Monday, February 12, 2024

Miami Radio: Host Claims He Was Fired For Having A ‘Very Latino’ Show

Carlos Frias

A Miami journalist filed a federal complaint against his radio station this week, claiming that he and his team were let go after a series of discriminatory incidents, including a boss who allegedly said their show was “sounding very Latino.”

Last week, South Florida’s Non-Com WLRN 91.3 FM terminated Carlos Frías and two producers on his team and canceled “Sundial,” a 6-year-old show about local arts and culture that has been replaced with an extra hour of nationally syndicated programming.

WLRN is owned by Miami-Dade County Public Schools, according to The Washington Post.

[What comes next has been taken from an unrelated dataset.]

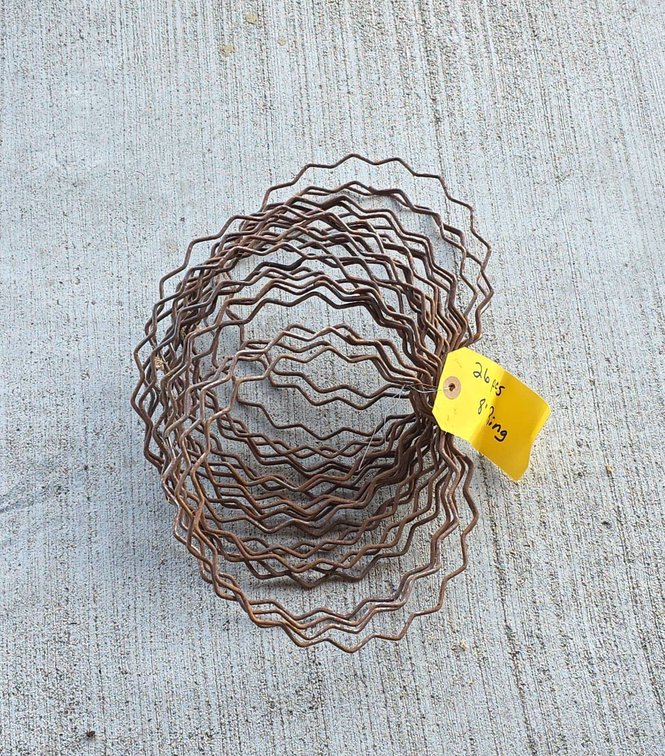 26 Metal 8-Inch Wreath Forms with Zigzag Pattern for Craft or Floral Projects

The shake-up has caused a wave of upset from the Florida Keys to Miami to Palm Beach — a region where Frías, who is Cuban American, has been a longtime voice in the cultural scene. Some South Florida groups have voiced their opposition to the sunsetting of “Sundial” — including one anchor who reportedly quit the radio station in solidarity with Frías.

Station executives defended the cuts as a necessary trade-off. “The change was made to focus more resources on WLRN’s award-winning newsroom, mainly boosting news stories for daily newscasts and features, along with bolstering the expansion of digital stories,” WLRN’s vice president of news, Sergio Bustos, the station’s daily news and live programming director, Caitie Muñoz, and its vice president of radio, Peter Maerz, said in a statement.

Bustos said no one at the station was able to comment based on advice from legal counsel.



But Frías, who joined as the show’s host in 2022, said the “Sundial” team was let go about a week after he complained to human resources about racial discrimination, according to a filing he made jointly to the Florida Commission on Human Relations and the Equal Employment Opportunity Commission on Tuesday.

William Amlong, one of Frías’s attorneys, called WLRN’s actions “abhorrent,” especially considering the large population of Cubans and other Hispanic people that live in Miami-Dade County, as seen in census data.

Frías alleges that Muñoz told a producer that the show was “sounding very Latino” last August, and made a spreadsheet of the show’s guests that only listed the ethnicity for Hispanic or Latino guests. The producer declined a request for comment, citing the ongoing legal proceedings.

The show has featured several Hispanic and Latino guests, including Puerto Rican artists and Cuban American authors. But Amlong argued that that’s to be expected in an area where Spanish and Spanish-language media is also widespread.